I movimenti evidenziano la pesantissima censura del Tar sulla “partita al ribasso rispetto alle politiche industriali del paese, con una strategia volta ad annacquare il principio “chi inquina paga” a favore dei grandi gruppi industriali che non vogliono pagare integralmente il prezzo del risanamento delle aree che hanno contaminato” che, con “Inquinatore Protetto”, definitivamente “rischia di nascondere il reale stato di contaminazione del paese e di procedere a bonifiche sulla carta” e quindi chiedono ai Parlamentari di “cambiare radicalmente” il Decreto e al Ministero di virare decisamente la rotta, cancellando il declassamento del 2013 alla luce della sentenza del Tar e di includere nell’elenco nazionale dei Sin “i nuovi siti gravemente inquinati che quasi ogni giorno vengono posti all’attenzione dell’opinione pubblica”, oltre a “procedere alla valutazione dell’efficacia del lavoro svolto in questi anni dagli uffici ministeriali preposti”.

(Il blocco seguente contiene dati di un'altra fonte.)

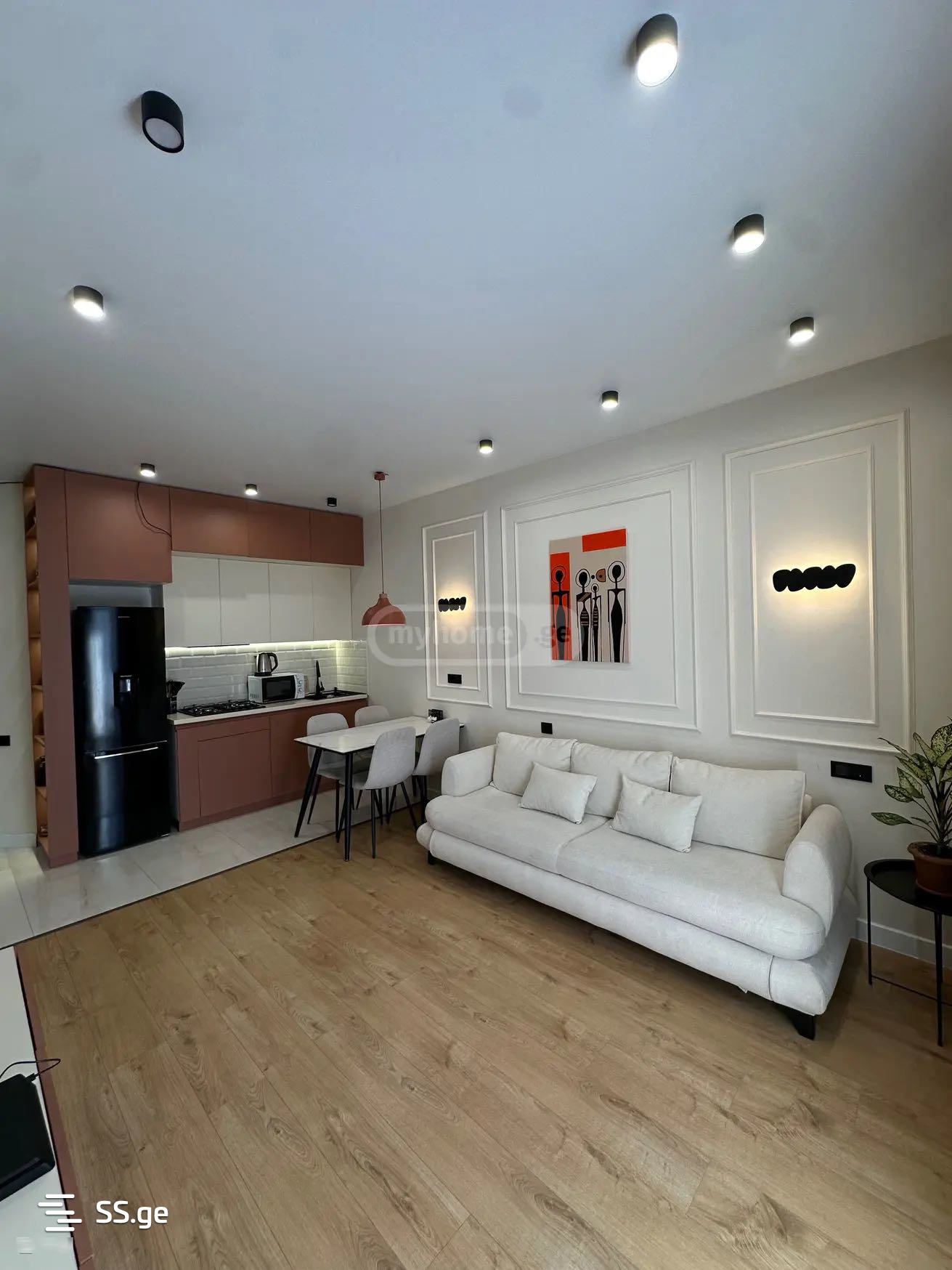 Квартира Nestan-Darejani st.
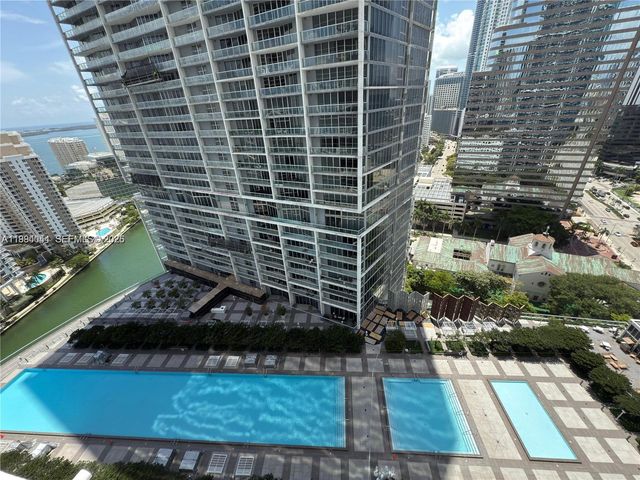 475 Brickell Ave 2813, Miami, FL 33131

E, in questi giorni, una inattesa voce si scaglia contro uno dei provvedimenti di “Inquinatore Protetto”: sul sito del quotidiano di Confindustria, IlSole24Ore il 18 luglio è comparso un articolo in cui si definisce il comma 4 dell’articolo 15 del decreto che prevede (per la prima volta nella normativa italiana!) la possibilità di Via (Valutazione d’Impatto Ambientale) “postume” (ovvero dopo l’autorizzazione e costruzione di impianti) “ab gubernatoris”, affermando che tale nuova norma favorirebbe il presidente della Regione Marche (che nell’articolo de IlSole24Ore si riporta sarebbe indagato dalla Procura di Ancona per le autorizzazioni rilasciate a molteplici impianti a biogas). Nel febbraio di quest’anno il Consiglio di Stato aveva bocciato, proprio in relazione a impianti di biogas nelle Marche, la possibilità di introduzione di Via postume, alla luce di quella che i giudici hanno definito una “consolidata giurisprudenza – anche europea – che non ammette una Via ex post”.